Since we want to analyze the respose of a typical event, we need to pick an amount of time before and after the zero epoch time in which we think we will see something interesting. Since the shortest solar cycle on our list is about 9 years, it should be safe to do +- 4 years around our zero epoch time.
%Loop through each solar cycle, or 'event'
for m = 1:length(solar_cycle_max_times)
this_solar_cycle_max_time = solar_cycle_max_times(m);
this_solar_cycle_times = time > this_solar_cycle_max_time-4 & time < this_solar_cycle_max_time+4;
%More code goes here later
end
If we want to know what the sunspot number 1 year before the maximum is on average, and how that differs from 2 years before, we need to divide each event into discrete time bins, so that the times for event 1 line up with exactly with the times for event 2, etc. This makes the rest of the process a lot easier because the results can be stored in a [number of events x number of time bins] matrix
n_days_per_bin = 30; %Approx month long bins
nbins = floor(365.25*8/n_days_per_bin);
time_bin_edges = linspace(-4,4,nbins+1);
n_solar_cycles = length(solar_cycle_max_times);
%Preallocate an array in which we will store our final results
%each row will represent a solar cycle, each column, a time bin
ssn_by_event = zeros(n_solar_cycles,nbins);
%Loop through events, and bin sunspot number data into time bins, and assign into
%the results array
for m = 1:n_solar_cycles
this_solar_cycle_max_time = solar_cycle_max_times(m);
%Create variables for sunspot number observations for just this solar cycle, with 0 epoch time being
%the sunspot maximum
this_solar_cycle_times = time > this_solar_cycle_max_time-4 & time < this_solar_cycle_max_time+4;
this_epoch_time = time(this_solar_cycle_times)-this_solar_cycle_max_time;
this_ssn = ssn(this_solar_cycle_times);
for t = 1:nbins-1
in_bin_t = this_epoch_time >= time_bins(t) & this_epoch_time < time_bins(t+1);
ssn_by_event(m,t) = mean(this_ssn(in_bin_t));
end
end
Now that we have the data all nicely arranged in a matrix ssn_by_event
, where
each row represents one of the solar cycles, and each column one of the time bins,
we can use matlab's median and quantile functions to get the average sunspot number
across all of the solar cycles for each time bin.

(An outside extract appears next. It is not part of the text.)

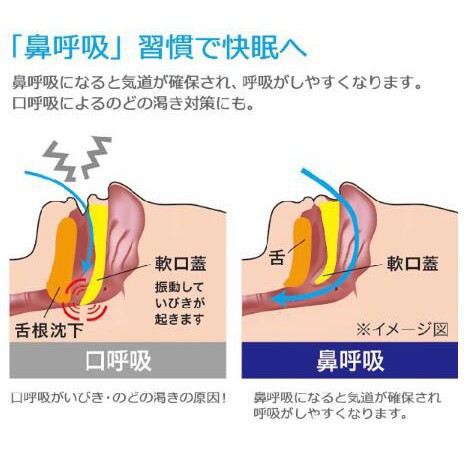 舌根 沈下 原因 舌根沈下 ぜつこんちんか の原因と影響 Amp Petmd Com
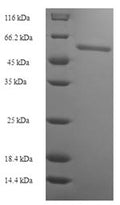Recombinant Human Acidic fibroblast growth factor intracellular-binding protein (FIBP) – Figure 1 of 1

%Take the median of each column, to represent the average response for that
%time bin, also take the 25th and 75th percentiles of each column, to
%represent the spread in sunspot numbers for that time bin
time_bin_centers = (time_bin_edges(1:end-1)+time_bin_edges(2:end))/2;
average_ssn = nanmedian(ssn_by_event,1); %The 1 means to take the median for each column, not each row
first_quartile_ssn = quantile(ssn_by_event,.25,1);
third_quartile_ssn = quantile(ssn_by_event,.75,1);
%Plot the results
f = figure();
a = axes(); hold(a,'on');
plot(a,time_bin_centers,average_ssn,'b-');
plot(a,time_bin_centers,first_quartile_ssn,'r--');
plot(a,time_bin_centers,third_quartile_ssn,'r--');
xlabel('Years since maximum sunspot number');
ylabel('International Sunspot Number');
title(sprintf('Superposed Epoch Analysis of %d Solar Cycles (%d-%d)',n_solar_cycles,...
floor(time(1)),floor(time(end))));
print(f,'-dpng','sunspot_number_sea.png');
Here we can see the results! The interpretation is an exercise for the reader, for now ;)
Many people will skip the time binning step and just try to line up the data for each event by depending on the fact that the data comes in on a regular cadence (in the case of our sunspot data, this is one value for each day). In this case, you can simply define each event as +- 1461 values from the data array around the index of the value at the zero epoch time:
%Loop through each solar cycle, or 'event'
for m = 1:length(solar_cycle_max_times)
this_solar_cycle_max_time = solar_cycle_max_times(m);
%Assumes that time is sorted in ascending order (usually true)
closest_ssn_index_to_max_time = find(time>this_solar_cycle_max_time,1);
%4 years in days = 365.25*4=1461
ssns_in_this_event = ssn(closest_ssn_index_to_max_time-1461:closest_ssn_index_to_max_time+1461);
%More code goes here later
end
This works fine, as long as there are no large chunks of missing data and you really can depend on the fact that the n-th point in the data array is for day n, and the n+1-th poin is for day n+1, or whatever is the appropriate time step for your dataset.